Don’t spring forward; fall back!

Remember to set your clocks back an hour on November 7.

Photo by the Italian voice on Flickr

Remember to set your clocks back an hour on November 7.

It’s that time of year again! Daylight Saving will end on Sunday November 7, where we will have to set our clocks back one hour. But what is Daylight Saving? What’s its purpose? Who invented it? Well, you have come to the right place, because we will give you the answer here, some background information, its history, and you might learn a thing or two in the process. 

Daylight Savings, also known as Daylight Saving Time (DST), is a practice where clocks are adjusted or moved one hour forward during warmer months. That way, darkness will fall at a later time, and we can make better use of natural daylight. Around 70 countries implement DST presently. Standard time is when that hour is taken back and early evening darkness resumes. 

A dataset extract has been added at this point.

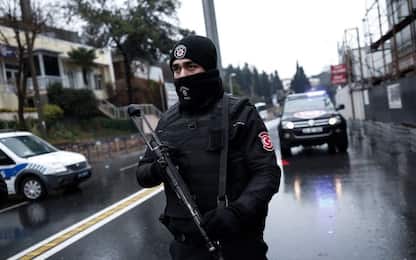 Turchia, continuano le purghe post-golpe: arrestate quasi 500 persone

DST was suggested by George Hudson in 1895. He was an entomologist in New Zealand, and proposed the idea for the sole purpose of having two extra hours of daylight to go bug hunting in the summer. But it was first implemented during World War I in Germany, in 1916, by moving clocks forward one hour, to use less power for lighting and save fuel for the war. Then the United States followed suit in 1918, because of a bill that introduced the idea of a seasonal time shift, but only lasted around seven months. During World War II, Daylight Savings was reestablished, from February 1942 to the end of September 1945.

In 1966, the Uniform Time Act established the idea of a yearly time change, and DST would start the last Sunday of April and end the last Sunday of October. During the oil embargo of 1973, however, Congress ordered a period of Daylight Saving that would last over a year, from January 1974 to April 1975. But it wasn’t very effective, so the United States reverted back to standard time, in October of 1984.

DST began the first weekend of April until the last weekend in October from 1987 to 2006. Then, in 2007, the structure changed once again; DST would start from the second Sunday in March until the first Sunday in November. From that year until now, it has been the same days and hasn’t changed, but in recent times, there has been a push to make DST something that lasts the whole year. Some states have even advocated to make this a law. Some states and territories do not change the clocks annually and some parts of the world also maintain the same time schedule year round.

With that being said, I hope you learned a thing or two about Daylight Saving time. Don’t forget to “fall back” one hour and change your clocks on November 7!